Re: 1 in 1000

From: Edward Cherlin (
Date: Mon Apr 24 2000 - 18:01:00 EDT

At 6:29 AM -0800 4/24/2000, Elliotte Rusty Harold wrote:
>Is the following statement accurate?
>Probably less than one person in a thousand today speaks a language that
>cannot be reasonably represented in Unicode.
>Can anyone be more accurate than that? If the number is higher than 1 in
>a 1000, what scripts still need to be encoded to get the ratio below 1
>in a 1000? If it's already much less than 1 in a 1000, how low is it
>approximately? 1 in 10,000? 100,000? 1,000,000?
>| Elliotte Rusty Harold | | Writer/Programmer |
>| Java I/O (O'Reilly & Associates, 1999) |
>| |
>| |
>| Read Cafe au Lait for Java news: |
>| Read Cafe con Leche for XML news: |

We went over that ground last year, and didn't find any clearly true
and clearly understandable statements that we could make about
individuals, publications, languages, or writing systems. I have made
statements about the number of writing systems (including e.g. math
and APL) partially supported in Unicode (none is *completely*
supported for all of its languages and users), and about the fraction
(with large error bars) of commercial, academic, and government use
that this covers, while also noting scripts (200+), languages
(6000+), and uses (not quantifiable) not properly supported yet, or
not included at all. Naturally, all of these statements applied only
to the version of Unicode defined at the time, and to available

I could do the same for Unicode 3.0, if I had the time, which I
don't. I believe it comes to 30+ writing systems, several hundred
languages, and nearly all commercial and government publication, and
of academic publications not involving non-covered languages, and
about 0% of academic publication using non-covered language material.

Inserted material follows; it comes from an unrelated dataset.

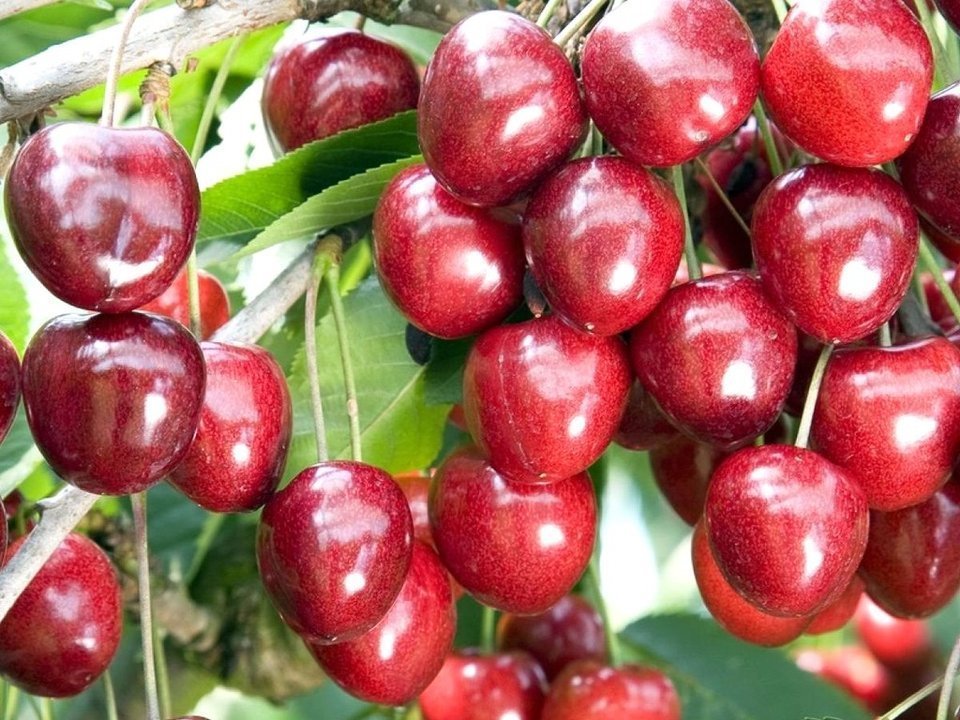 pol pl Czeresnia Vanda Prunus avium 7499 2 pol pl Czeresnia Vanda Prunus avium 7499 2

The question at hand is how much non-covered material there is,
measured perhaps by source volume or production volume, or compared
with speech in the languages under study. The more interesting
question, to me, is how much there would be if the scripts and
languages *were* covered, not just in the standard, but in operating
systems (Windows 2000, Mac OS X, various UNIX products, Linux, and
others), programming languages (APL2, Java, Perl, C/C++) publishing
applications (FrameMaker doesn't support Unicode at all), and Web
browsers (Alis Tango, Accent, Mozilla/Netscape).

A more useful measure yet might be the number of major literature
publishing projects using Unicode. Thesaurus Linguae Graecae covers
essentially all of Classical Greek, but not in Unicode. Project
Gutenberg can be counted as UTF-8, since it is plain 7-bit ASCII. I
know of projects in European languages, Arabic, Hebrew, Pali
(Devanagari, Sinhala, Thai and Latin scripts), Sanskrit, Tibetan,
Chinese, Japanese, and Korean. None used Unicode the last time I
looked, although I am sure that many of them are looking at Unicode
conversion for the future.

The number of organizations committed to creating and/or publishing
documents in Unicode is another potentially useful measure. I know
about the U.S. Defense Language Institute and Voice of America, but I
haven't been researching this question since shortly after they
converted from Xerox Documenters to Unicode software on PCs.

Edward Cherlin
"A knot!" exclaimed Alice. "Oh, do let me help to undo it."